Son caractère plus effacé a-t-il joué un rôle dans cet équilibre des forces ?

«Oui ça a joué. C'est d'ailleurs une constante, car les Grands-Ducs sont des personnalités plutôt effacées. Ou qui restent dans une sorte de réserve constitutionnelle en n'outrepassant pas leurs droits ni leurs devoirs. Mais pour autant, le Grand-Duc Jean avait ce tempérament de toujours mettre l'huile dans les rouages. Il était un facilitateur avec cette capacité à toujours créer le dialogue. Un ambassadeur absolument crédible et légitime de l'Europe.

Depuis son abdication, le Grand-Duc Jean s'était retiré dans le château de Fischbach. Cela signifiait-il qu'il s'était mis totalement à l'écart de la vie publique ?

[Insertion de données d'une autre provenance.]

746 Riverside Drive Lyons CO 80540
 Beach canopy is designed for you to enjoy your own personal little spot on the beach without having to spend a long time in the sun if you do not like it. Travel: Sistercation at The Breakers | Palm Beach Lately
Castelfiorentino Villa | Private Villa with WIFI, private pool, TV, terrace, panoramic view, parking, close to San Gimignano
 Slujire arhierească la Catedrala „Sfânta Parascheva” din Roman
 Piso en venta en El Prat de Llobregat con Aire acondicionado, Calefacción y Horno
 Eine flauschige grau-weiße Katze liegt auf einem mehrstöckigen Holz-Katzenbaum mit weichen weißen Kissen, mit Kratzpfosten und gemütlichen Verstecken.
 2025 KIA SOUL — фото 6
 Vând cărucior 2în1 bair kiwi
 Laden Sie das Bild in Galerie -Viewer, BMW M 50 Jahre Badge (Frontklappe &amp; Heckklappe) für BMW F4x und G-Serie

«Absolument pas, car c'est quelqu'un qui a toujours pensé faire plaisir aux autres. Et d'un enthousiasme. Vous vous rendez compte, il est allé à l'ouverture du Forum de la Grande-Duchesse sur les violences faites aux femmes en temps de guerre. Dans ce sens, il est un support important pour la Grande-Duchesse et la famille grand-ducale en général.

Quelle trace laissera, selon vous, le Grand-Duc Jean pour la postérité ?

«Objectivement, il sera celui dont la légitimité tient à la fois de la dynastie mais aussi à celle du service rendu au Luxembourg. Car il a libéré son pays en septembre 1944, aux côtés de son père. Et cela a joué un rôle considérable que les jeunes générations ne perçoivent peut-être pas. Plus tard, ce n'est pas lui qui a construit l'Europe mais il en a été l'un des ambassadeurs absolument crédible et légitime. C'est un héros de l'histoire et il doit être salué comme tel.

Donc, selon vous, il aura réussi à ne pas être seulement le fils de la Grande-Duchesse Charlotte...

«Oui, parce qu'on ne peut pas nier l'histoire. C'est sans aucun doute, de tous les souverains, l'un des plus populaires aussi. Dans ce sens, il tient aussi de sa mère.»